## Stored data

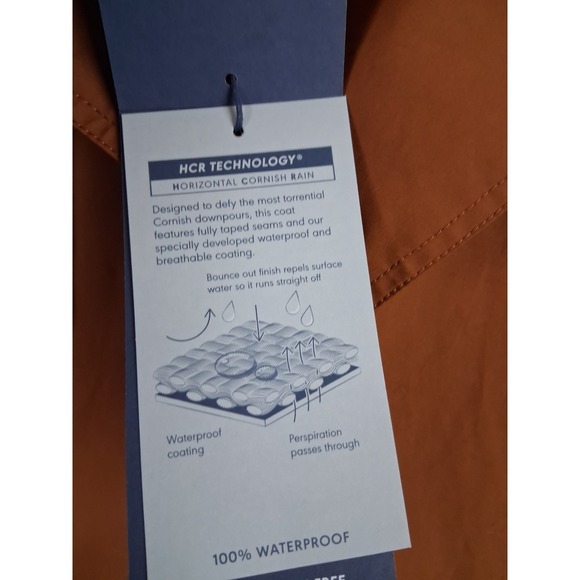 NEW Seasalt Cornwall Coat 12P Brown Organic Tin Cloth Rain Trenchcoat Penweather - Picture 5 of 13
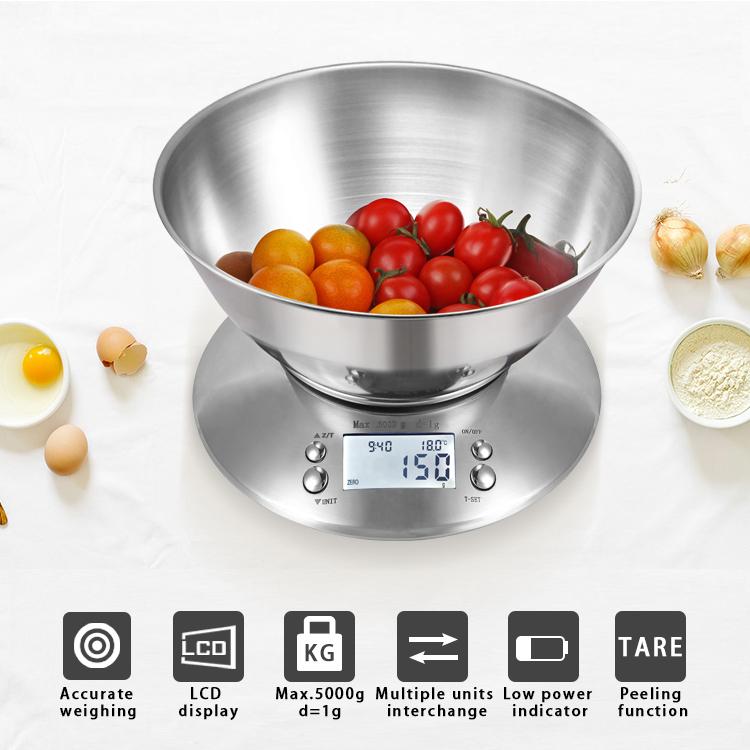 Stainless Steel Household Food Scale with a Bowl 5000 Gram 1g 11 Pounds Kitchen Scale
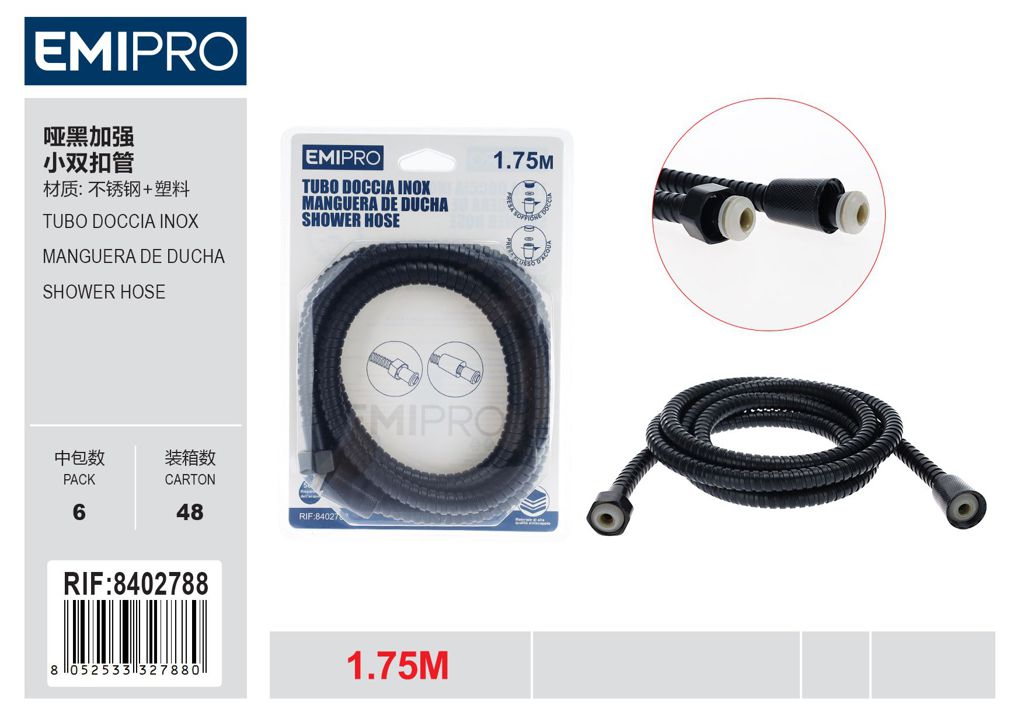 Tubo Doccia Inox 1.75M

## Exercise objective
Quote everything in the listing above exactly; pictures are the only thing to omit.

## Expected answer
 NEW Seasalt Cornwall Coat 12P Brown Organic Tin Cloth Rain Trenchcoat Penweather - Picture 5 of 13
 Stainless Steel Household Food Scale with a Bowl 5000 Gram 1g 11 Pounds Kitchen Scale
 Tubo Doccia Inox 1.75M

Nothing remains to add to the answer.